Fire up your peaches for a bright summer salsa
IN MY garden, it’s raining jalapenos. If life gives you jalapenos, you make salsa. It’s straightforward. Roast the jalapenos, peaches and white onion, and add honey, lime juice and coriander to hold it all together. Use nearly overripe peaches for the best results. The skin slips right off after roasting. Use a blender to whir the roasted ingredients into a smooth sauce, to spoon over carnitas or barbacoa tacos, or hand chop for a chunky salsa that sits atop grilled fish or chicken. It’s dip-able, it’s spoon-able.
Because the onion is only partially cooked, its bite will increase over time; to keep this peachy salsa bright and delicious, serve it soon after it’s made. While it would be tempting to want to keep such a fresh, lively salsa on the shelf to enjoy anytime during the year, this is not a recipe that will can or freeze well. Too little acid, impossible to estimate pH, and too much onion to be safe for canning. This salsa, like summer, is best enjoyed in the moment.
Peach and Jalapeno Salsa 8 servings (makes 2 cups)

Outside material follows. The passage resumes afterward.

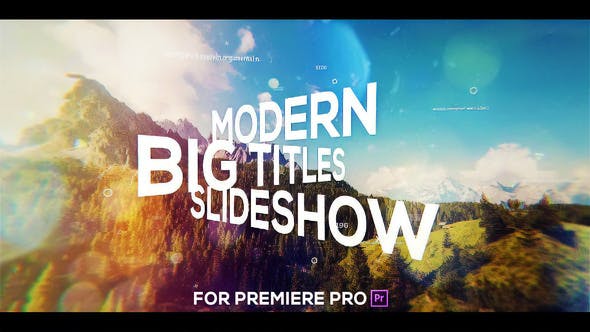 Big Titles Slideshow for Premiere Pro - Download Videohive 25247867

A handful of ingredients melds with chile heat for a fresh, zingy salsa or sauce, whose nomenclature is entirely dependent on how vigorously you chop or blend. This a peak-summer delight, to be served alongside fish, tofu and chicken, and as a topping for tacos and a corn and tomato salad. The fruit and vegetables can be cooked on the grill, a traditional Mexican comal or in a well-seasoned grill pan on the stove top.
MAKE AHEAD: The salsa can be refrigerated for up to 1 day; its flavour and colour grow dull when kept longer. This is not a candidate for freezing or canning, because of its variable pH.
- 1/2 medium white onion
- 3 ripe, baseball-size peaches, cut in half and pitted (1 1/2 pounds total)
- 2 plump jalapeno peppers, cut in half from top to bottom, ribs and seeds removed
- 1 teaspoon chilli powder
- 1 tablespoon honey
- 1 tablespoon fresh lime juice, plus lime wedges for serving
- 1/2 teaspoon coriander seed, crushed
- 1/2 teaspoon kosher salt, or more as needed
- 1 teaspoon minced cilantro leaves, for garnish
• Position an oven rack about 6 inches from the broiler element; preheat the broiler. Line a rimmed baking sheet with aluminium foil.
• Arrange the onion half, peaches and jalapenos, cut sides up, on the baking sheet. Sprinkle them with the ancho chilli powder. Broil for 10 to 12 minutes, turning the sheet as needed, until all the pieces’ edges are blistered and blackened.
• Transfer the mixture to a cutting board. Discard the peach halves’ skins, which should slip off easily.
• For a smooth hot sauce, coarsely chop the broiled onion, jalapenos and peaches, then combine in a blender. Puree until fairly smooth, then stop to add the honey, lime juice, coriander seed and salt; puree until smooth. Taste, and add more salt, as needed.
• To make a chunky salsa, combine the onion, jalapenos and peaches in a food processor; pulse just long enough to reduce the mixture to smaller, discrete pieces. (Alternatively, you can chop the ingredients by hand.) Transfer to a bowl; stir in the honey, lime juice, coriander seed and salt. Taste, and add more salt, as needed.
• Garnish the smooth hot sauce or chunky salsa with the cilantro and serve right away, with lime wedges.– Washington Post.